* [Work task]: Beginning with the line below that contains "Boy Studying by Wood Stove" and ending with the line that contains "Purple scarf with", copy every line exactly. Copy nothing else.

- Opening Delimiter -

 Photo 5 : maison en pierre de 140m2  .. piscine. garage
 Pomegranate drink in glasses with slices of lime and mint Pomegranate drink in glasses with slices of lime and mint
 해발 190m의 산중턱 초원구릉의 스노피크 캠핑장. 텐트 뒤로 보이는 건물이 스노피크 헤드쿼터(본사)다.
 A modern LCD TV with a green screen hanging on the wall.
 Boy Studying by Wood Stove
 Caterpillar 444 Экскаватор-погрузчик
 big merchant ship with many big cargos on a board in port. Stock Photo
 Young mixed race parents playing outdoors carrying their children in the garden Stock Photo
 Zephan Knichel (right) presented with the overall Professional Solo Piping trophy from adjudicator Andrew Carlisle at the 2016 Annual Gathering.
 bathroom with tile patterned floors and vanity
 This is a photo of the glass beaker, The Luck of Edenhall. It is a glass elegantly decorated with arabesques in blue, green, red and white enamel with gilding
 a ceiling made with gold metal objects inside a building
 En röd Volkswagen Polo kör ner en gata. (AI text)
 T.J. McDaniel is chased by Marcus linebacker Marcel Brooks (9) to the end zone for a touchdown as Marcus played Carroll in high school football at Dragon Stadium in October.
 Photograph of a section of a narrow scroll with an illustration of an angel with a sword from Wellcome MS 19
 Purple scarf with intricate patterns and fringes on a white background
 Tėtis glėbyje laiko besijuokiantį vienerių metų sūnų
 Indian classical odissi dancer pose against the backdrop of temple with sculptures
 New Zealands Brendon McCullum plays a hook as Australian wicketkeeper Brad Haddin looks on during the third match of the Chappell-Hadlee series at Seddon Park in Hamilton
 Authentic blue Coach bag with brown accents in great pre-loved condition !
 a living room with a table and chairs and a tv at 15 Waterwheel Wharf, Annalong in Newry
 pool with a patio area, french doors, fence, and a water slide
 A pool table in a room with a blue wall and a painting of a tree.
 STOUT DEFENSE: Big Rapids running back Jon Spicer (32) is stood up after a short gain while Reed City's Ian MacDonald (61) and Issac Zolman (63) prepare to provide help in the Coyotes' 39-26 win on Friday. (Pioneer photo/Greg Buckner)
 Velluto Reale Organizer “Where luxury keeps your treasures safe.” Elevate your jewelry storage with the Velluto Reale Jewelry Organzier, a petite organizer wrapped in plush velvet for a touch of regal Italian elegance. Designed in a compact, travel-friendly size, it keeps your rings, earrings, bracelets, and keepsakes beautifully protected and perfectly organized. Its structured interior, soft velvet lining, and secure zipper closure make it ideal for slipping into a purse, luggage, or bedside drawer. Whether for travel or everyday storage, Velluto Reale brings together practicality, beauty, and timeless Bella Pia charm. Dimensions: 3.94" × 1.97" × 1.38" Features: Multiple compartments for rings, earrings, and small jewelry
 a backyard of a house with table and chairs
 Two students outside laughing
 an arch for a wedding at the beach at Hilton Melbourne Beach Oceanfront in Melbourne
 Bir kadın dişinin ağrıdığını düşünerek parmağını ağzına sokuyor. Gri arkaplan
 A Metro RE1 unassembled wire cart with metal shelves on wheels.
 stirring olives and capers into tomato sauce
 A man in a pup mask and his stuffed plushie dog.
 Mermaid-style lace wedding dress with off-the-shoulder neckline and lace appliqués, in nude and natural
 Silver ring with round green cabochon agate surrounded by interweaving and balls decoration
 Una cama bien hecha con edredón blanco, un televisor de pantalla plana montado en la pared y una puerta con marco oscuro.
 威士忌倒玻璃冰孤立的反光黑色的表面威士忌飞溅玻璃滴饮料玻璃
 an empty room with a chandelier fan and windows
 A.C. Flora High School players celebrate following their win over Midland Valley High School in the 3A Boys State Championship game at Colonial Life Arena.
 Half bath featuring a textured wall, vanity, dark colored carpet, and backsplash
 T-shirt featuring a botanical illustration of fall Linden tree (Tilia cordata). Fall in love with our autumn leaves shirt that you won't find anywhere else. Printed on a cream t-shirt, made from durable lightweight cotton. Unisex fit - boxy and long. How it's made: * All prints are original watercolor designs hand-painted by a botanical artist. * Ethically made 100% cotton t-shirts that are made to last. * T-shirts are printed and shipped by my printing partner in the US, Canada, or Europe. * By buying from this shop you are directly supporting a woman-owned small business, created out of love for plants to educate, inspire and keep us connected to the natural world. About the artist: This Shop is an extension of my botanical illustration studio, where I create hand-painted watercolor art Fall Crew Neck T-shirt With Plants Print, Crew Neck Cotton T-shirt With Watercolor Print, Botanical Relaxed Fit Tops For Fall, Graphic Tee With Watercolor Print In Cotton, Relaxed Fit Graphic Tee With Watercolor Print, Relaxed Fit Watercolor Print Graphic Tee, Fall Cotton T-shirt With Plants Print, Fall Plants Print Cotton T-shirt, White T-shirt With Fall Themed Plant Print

- Closing Delimiter -

* [Solution to the exercise]:
 Boy Studying by Wood Stove
 Caterpillar 444 Экскаватор-погрузчик
 big merchant ship with many big cargos on a board in port. Stock Photo
 Young mixed race parents playing outdoors carrying their children in the garden Stock Photo
 Zephan Knichel (right) presented with the overall Professional Solo Piping trophy from adjudicator Andrew Carlisle at the 2016 Annual Gathering.
 bathroom with tile patterned floors and vanity
 This is a photo of the glass beaker, The Luck of Edenhall. It is a glass elegantly decorated with arabesques in blue, green, red and white enamel with gilding
 a ceiling made with gold metal objects inside a building
 En röd Volkswagen Polo kör ner en gata. (AI text)
 T.J. McDaniel is chased by Marcus linebacker Marcel Brooks (9) to the end zone for a touchdown as Marcus played Carroll in high school football at Dragon Stadium in October.
 Photograph of a section of a narrow scroll with an illustration of an angel with a sword from Wellcome MS 19
 Purple scarf with intricate patterns and fringes on a white background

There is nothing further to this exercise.